The Effectiveness of Foreign Aid
BY MICHAEL MANVILLE
07.20.2005 09:26 | DISPATCHES
The folks at the Marginal Revolution point us to the current New Yorker, where James Surowiecki makes the levelheaded case for aid to Africa. Yes, money is often stolen. Yes, aid alone is insufficient to end poverty. But no, this does not mean all foreign aid should stop:
It’s a myth that aid is doomed to failure. Foreign aid funded the campaign to eradicate smallpox, and in the sixties it brought the Green Revolution in agriculture to countries like India and Pakistan, lifting living standards and life expectancies for hundreds of millions of people.
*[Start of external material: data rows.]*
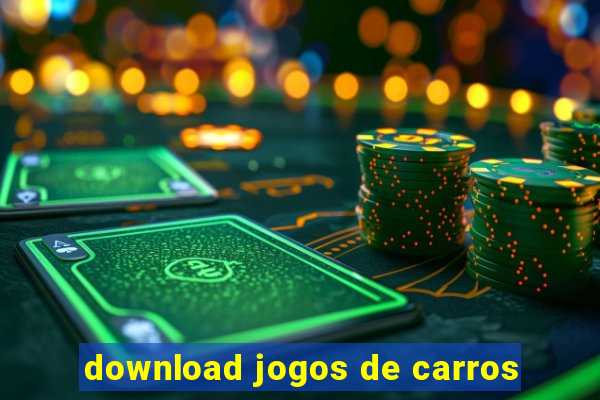 download jogos de carros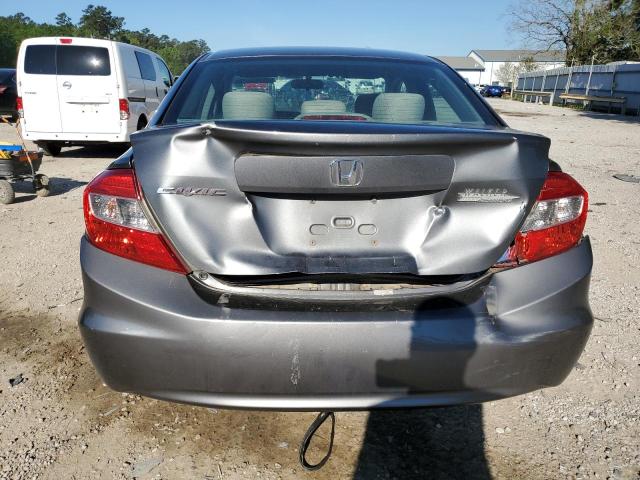 Photo 6 from auction – 2012 HONDA CIVIC LX with VIN 2HGFB2F53CH515188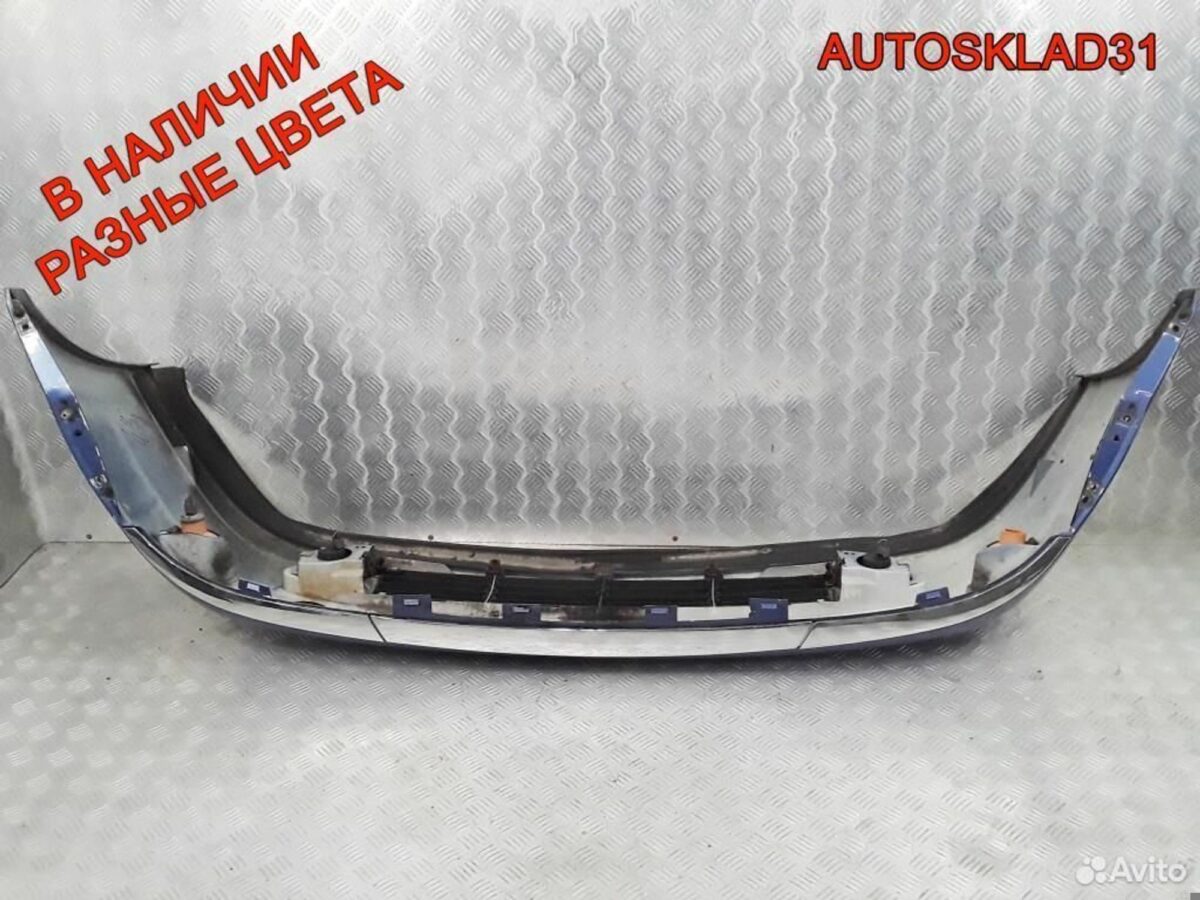 Бампер передний для Форд Фокус 1 98AB17757 - АвтоСклад31.рф - авторазборка контрактные б/у запчасти в г. Белгород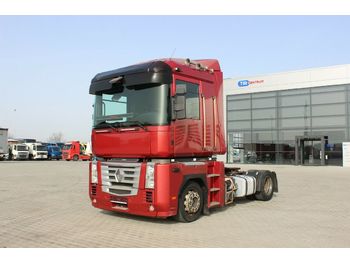 Cap tractor Renault MAGNUM DXI 460.18 T 4X2 , LOWDECK
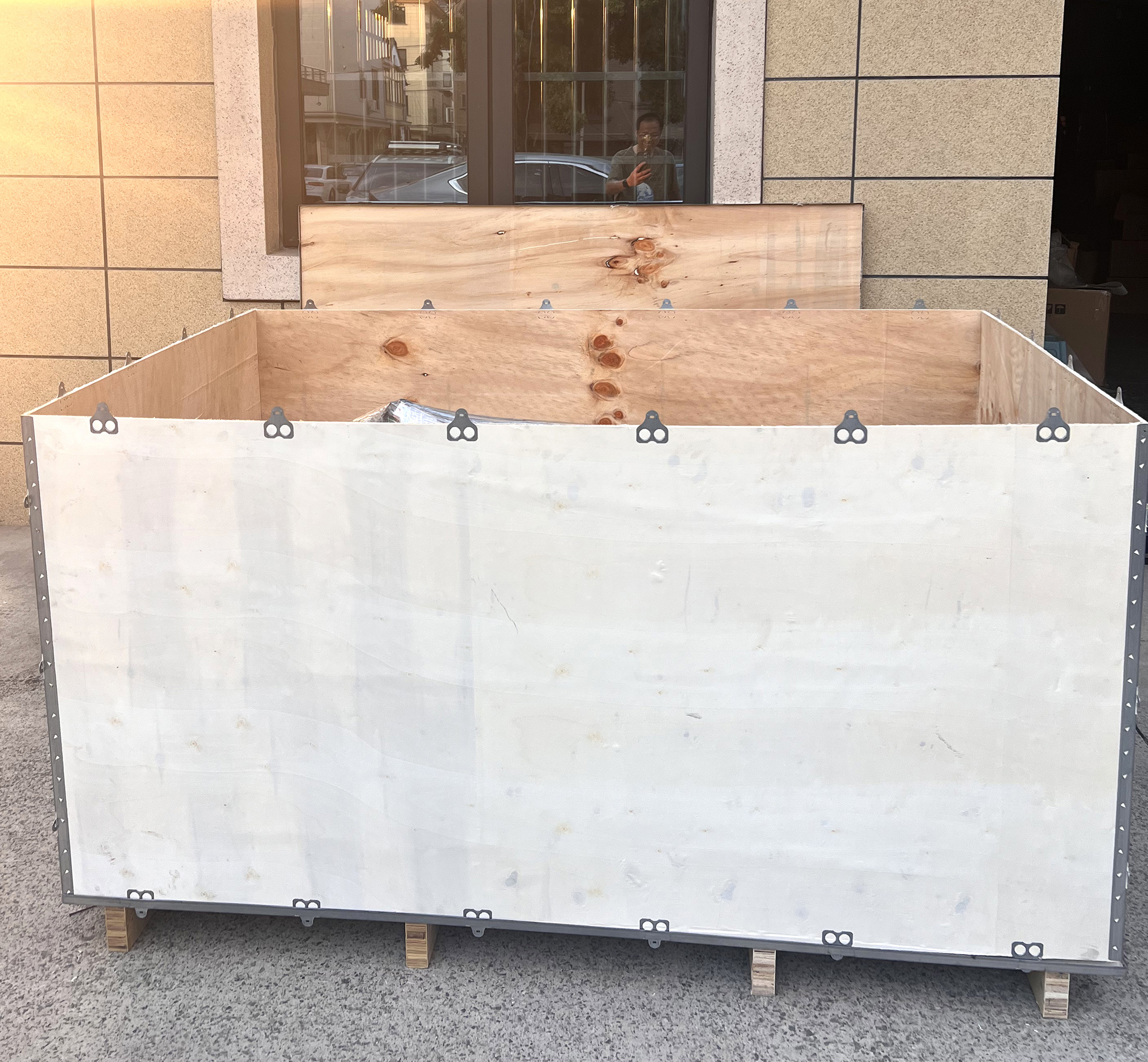 Stroller Bike Packing Details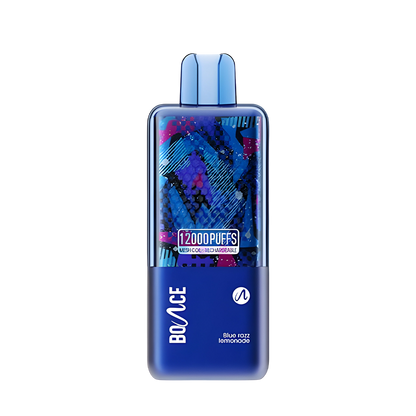 Bounce Turbo 12000 Disposable Vape Blue Razz Lemonade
As for the Asian nations that Africa is being told to emulate, they may have pulled themselves up by their bootstraps, but at least they were provided with boots. In the postwar years, South Korea and Taiwan had the good fortune to become, effectively, client states of the U.S. South Korea received huge infusions of aid, with which it rebuilt its economy after the Korean War. Between 1946 and 1978, in fact, South Korea received nearly as much U.S. aid as the whole of Africa. Meanwhile, the billions that Taiwan got allowed it to fund a vast land-reform program and to eradicate malaria. And the U.S. gave the Asian Tigers more than money; it provided technical assistance and some military defense, and it offered preferential access to American markets.
Coincidence? Perhaps. But the two Middle Eastern countries that have shown relatively steady and substantial economic growth—Israel and Turkey—have also received tens of billions of dollars in U.S. aid. The few sub-Saharan African countries that have enjoyed any economic success at all of late—including Botswana, Mozambique, and Uganda—have been major aid recipients, as has Costa Rica, which has the best economy in Central America. Ireland (which is often called the Celtic Tiger), has enjoyed sizable subsidies from the European Union. China was the World Bank’s largest borrower for much of the past decade.